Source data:
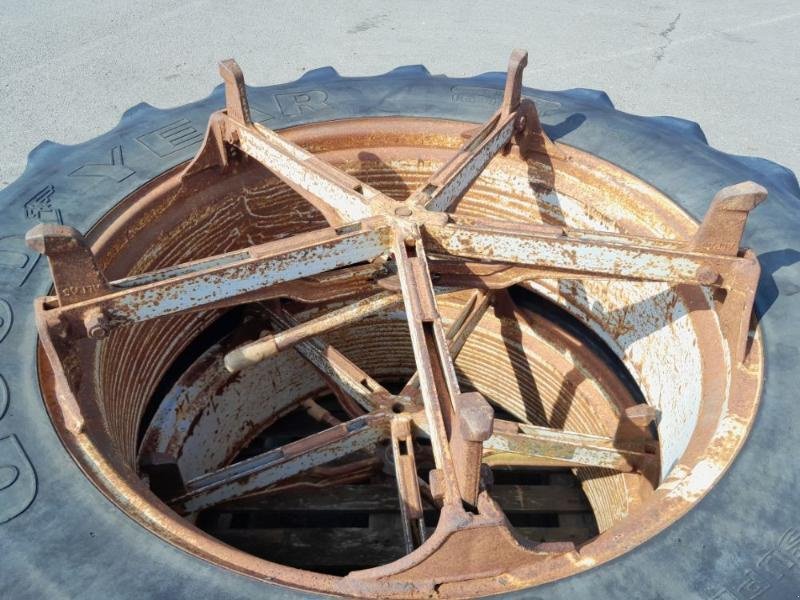 Komplettradsatz typu Sonstige 16,9X38, Gebrauchtmaschine v ANTIGNY (Obrázek 1)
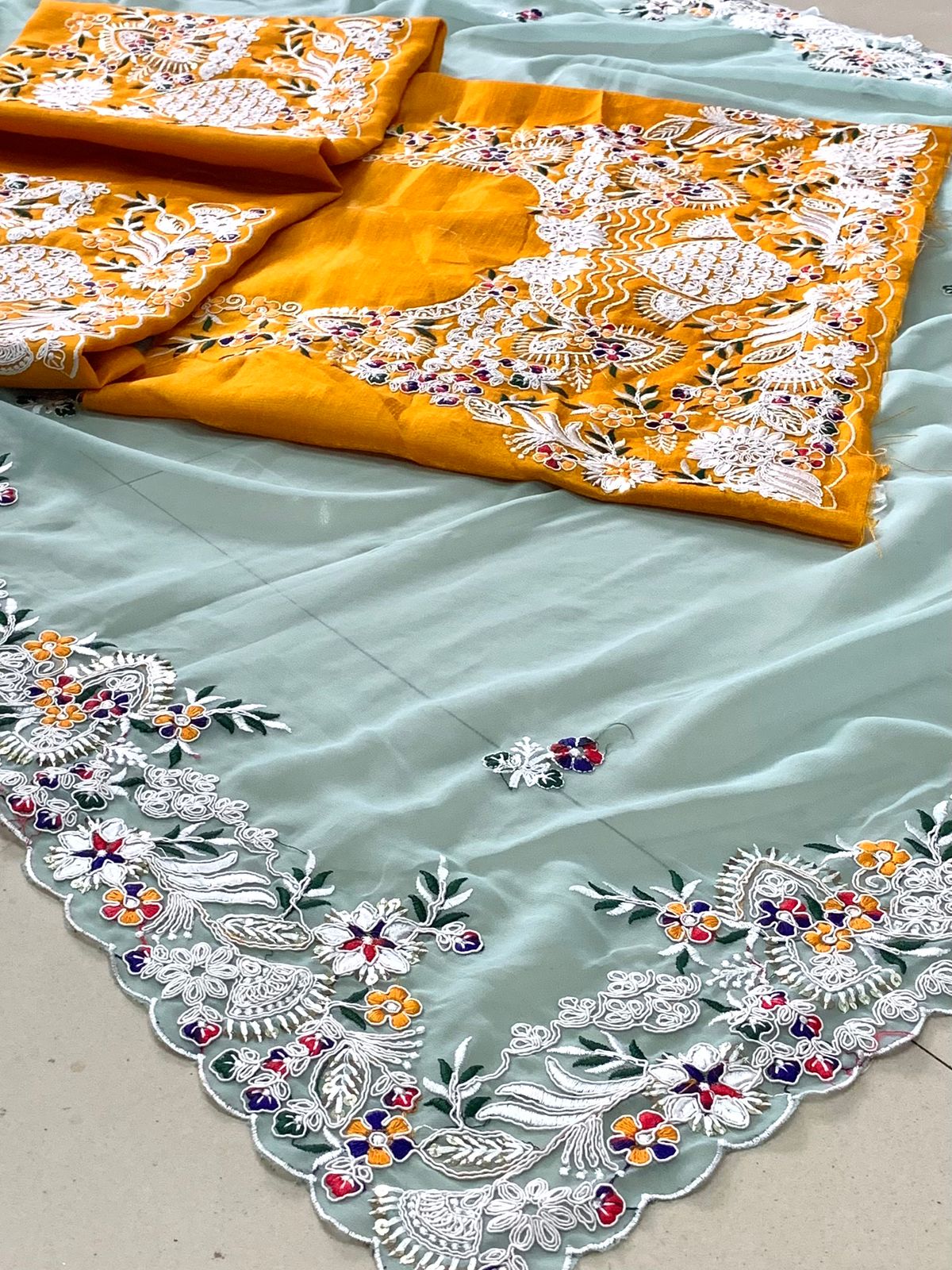 Zari-Jacquard-Bordüre mit Zari-Futter im vollen Sari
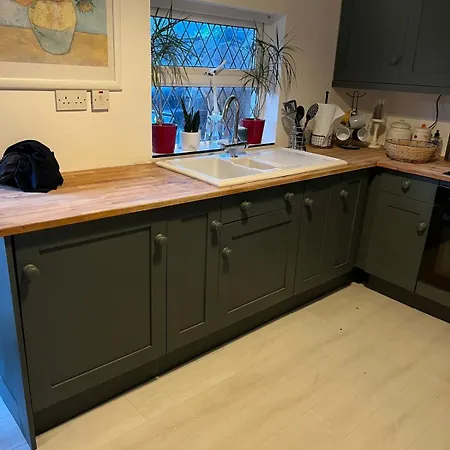 Period Townhouse In Town * 위클로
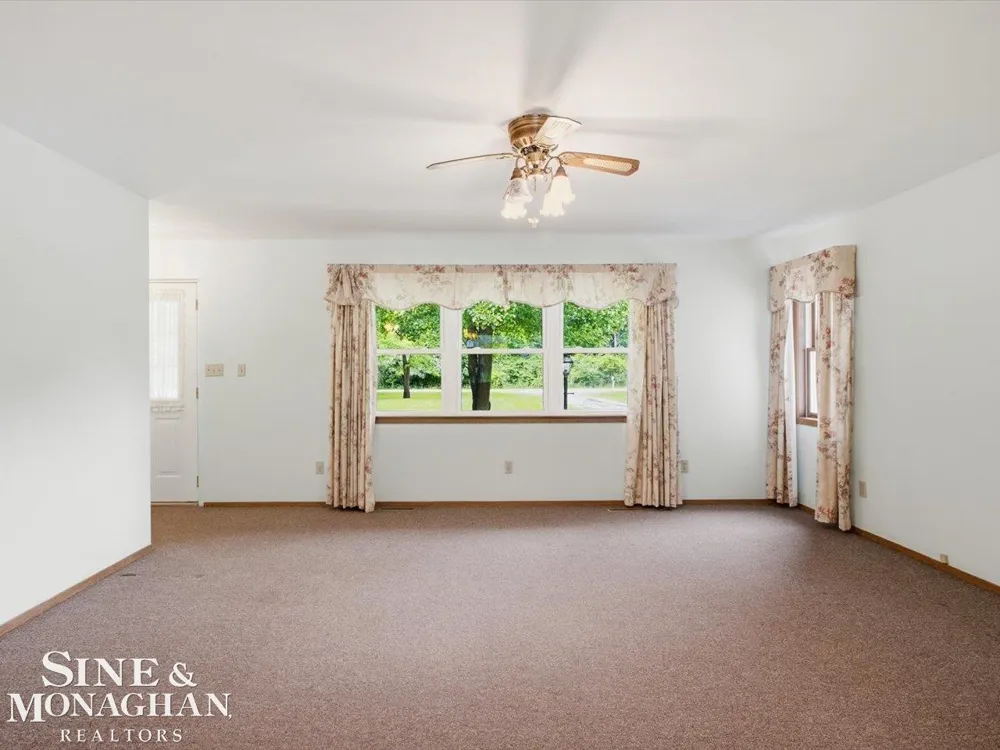 9211 Folkert Road Clay Township, MI 48001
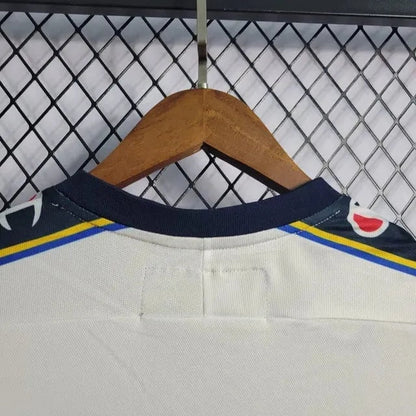 Retro Uitshirt 02/03
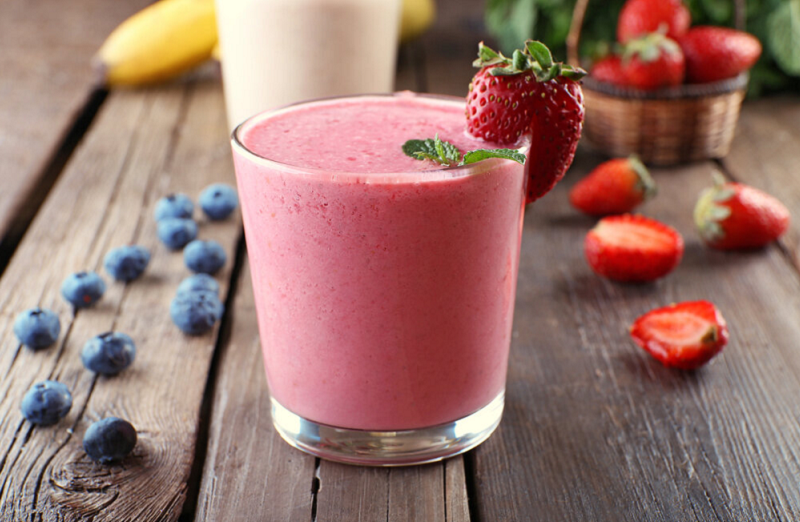 Strawberry smoothie powder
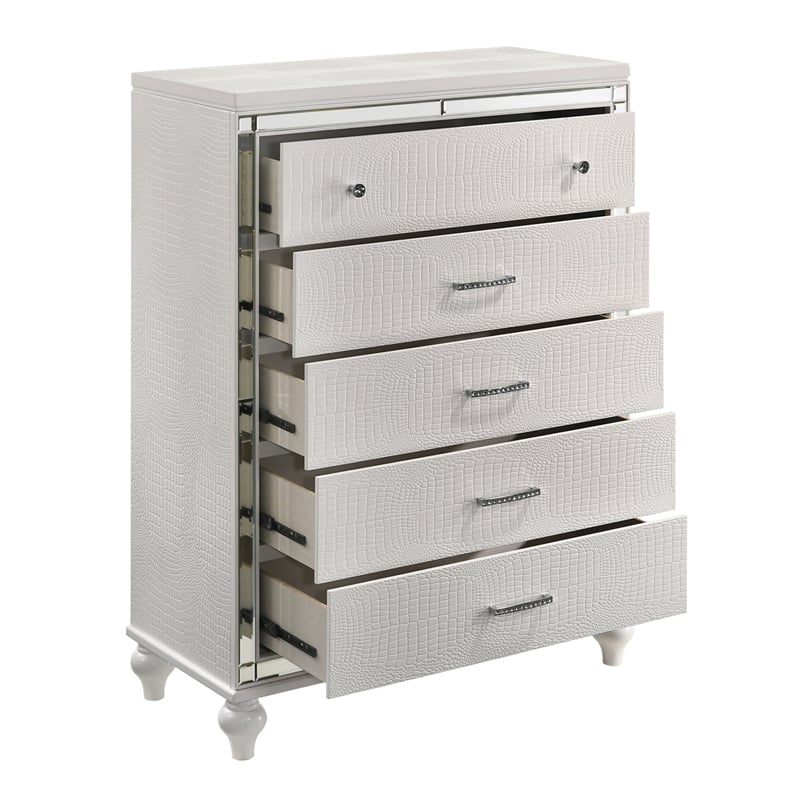 New Classic Valentine 4-Piece Wood King Bedroom Set with Chest in White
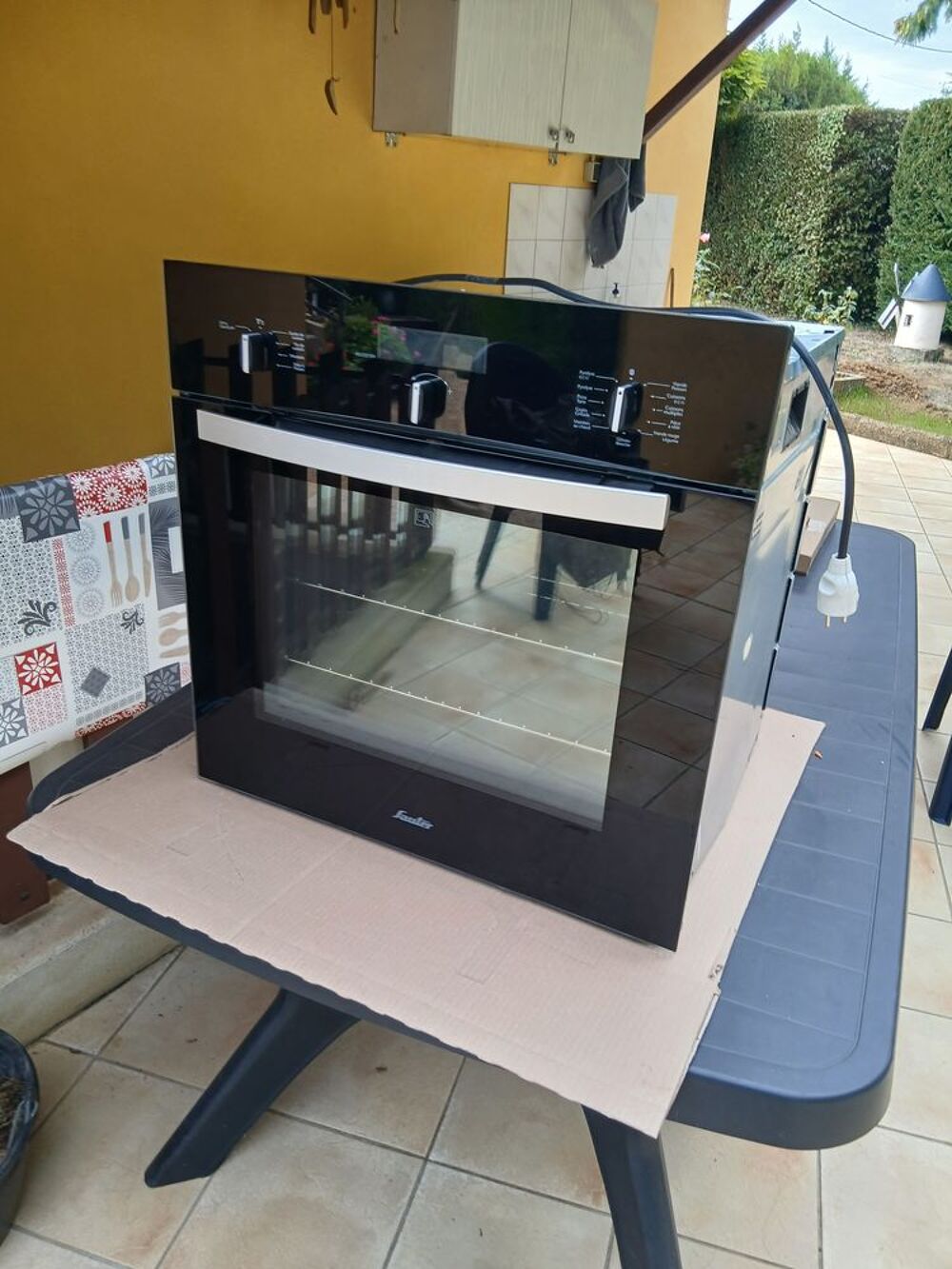 c&egrave;de four encastrable Electroménager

▶ What is expected:
Could the entries above be written out word for word, pictures excluded?

▶ Expected answer:
 Komplettradsatz typu Sonstige 16,9X38, Gebrauchtmaschine v ANTIGNY (Obrázek 1)
 Zari-Jacquard-Bordüre mit Zari-Futter im vollen Sari
 Period Townhouse In Town * 위클로
 9211 Folkert Road Clay Township, MI 48001
 Retro Uitshirt 02/03
 Strawberry smoothie powder
 New Classic Valentine 4-Piece Wood King Bedroom Set with Chest in White
 c&egrave;de four encastrable Electroménager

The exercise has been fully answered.